In Marriott, the First Circuit found an exception to its traditional requirement that a plaintiff must show a "proximate cause" relationship between an out-of-state defendants' conduct leading to the alleged injury and the forum. In doing so, the court demonstrated that the lower courts continue to apply case-by-case standards in determining whether there is a sufficient relationship to maintain personal jurisdiction over out-of-state defendants. That approach will likely continue as each Circuit grapples with the impact of the Supreme Court's Ford decision on their approach to personal jurisdiction.

Footnotes

1. Unless otherwise cited, all quotations in this memo are taken from this decision.

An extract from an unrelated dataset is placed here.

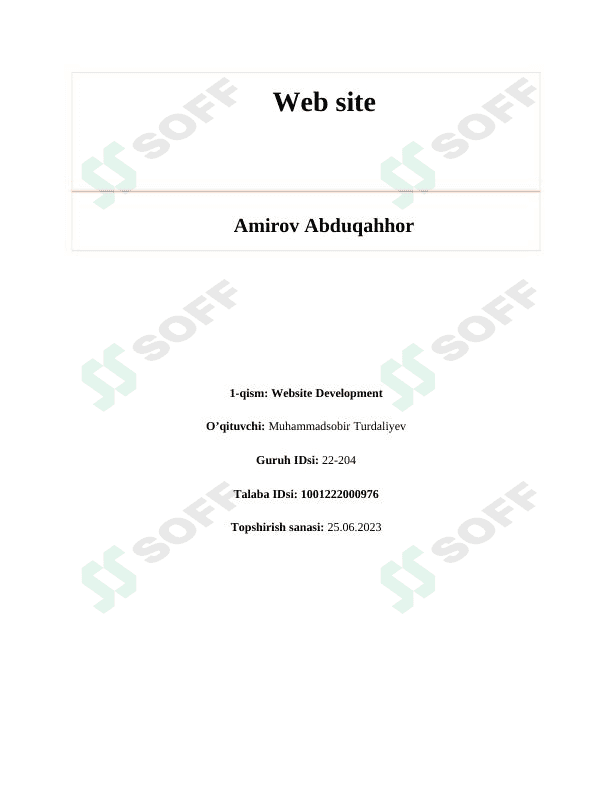Assignment for student ITS 1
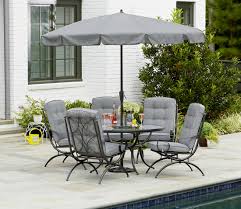 A patio table umbrella made to go. Jaclyn Smith Centralia 6 Piece Patio Dining Set Gray Reversible Cushion Limited Availability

2. In Ford Motor Co. v. Montana Eighth Jud. Dist. Ct., 141 S.Ct. 1017 (2021), the Supreme Court held that the plaintiffs' claim must "arise out of or relate to" defendant's contacts with the forum, id. at 1025, but did not provide much guidance about what the "relate to" standard requires or when it applies.

3. See Menken v. Emm, 503 F.3d 1050, 1058 (9th Cir. 2007) (holding that the plaintiff "must show that he would not have suffered an injury 'but for' [the defendant's] forum-related conduct."); Waite v. All Acquisition Corp., 901 F.3d 1307, 1314 (11th Cir. 2018) ("In this Circuit, we have held that a tort arise[s] out of or relate[s] to the defendant's activity in a state only if the activity is a 'butfor' cause of the tort.") (internal citation omitted). It remains to be seen if the Supreme Court's decision in Ford will require those Circuits implementing a causation requirement to reconsider their approach to personal jurisdiction.

4. See Harlow v. Children's Hosp., 432 F.3d 50, 61 (1st Cir. 2005) (holding that "due process demands something like a 'proximate cause' nexus.") (internal citation omitted); Beydoun v. Wataniya Rests. Holding, Q.S.C., 768 F.3d 499, 507-508 (6th Cir. 2014) ("[P]laintiff's cause of action must be proximately caused by the defendant's contacts with the forum state.").

5. See SPV Osus Ltd. v. UBS AG, 882 F.3d 333, 344 (2d Cir. 2018) ("In this Circuit, the standard applied depends on the relationship among the defendant, the forum, and the litigation.") (internal citation omitted); Myers v. Casino Queen, Inc., 689 F.3d 904, 912- 913 (8th Cir. 2012) ("While we have applied the [relatedness] requirement, we have yet to elaborate on its scope.") (internal citations omitted); Dudnikov v. Chalk & Vermilion Fine Arts, Inc., 514 F.3d 1063, 1079 (10th Cir. 2008) ("As between the remaining but-for and proximate causation tests, we have no need to pick sides today."). Similarly, the United States Courts of Appeal for the Third and Seventh Circuits have rejected both the but-for and proximate cause tests but have not adopted an alternative, bright-line standard. See O'Connor v. Sandy Lane Hotel Co., 496 F.3d 312, 323 (3d Cir. 2007) (observing that "our precedents foreclose the application of a single, mechanical test"); uBID, Inc. v. GoDaddy Grp., Inc., 623 F.3d 421, 430 (7th Cir. 2010) (holding that "neither but-for causation nor proximate causation is a satisfactory guide.").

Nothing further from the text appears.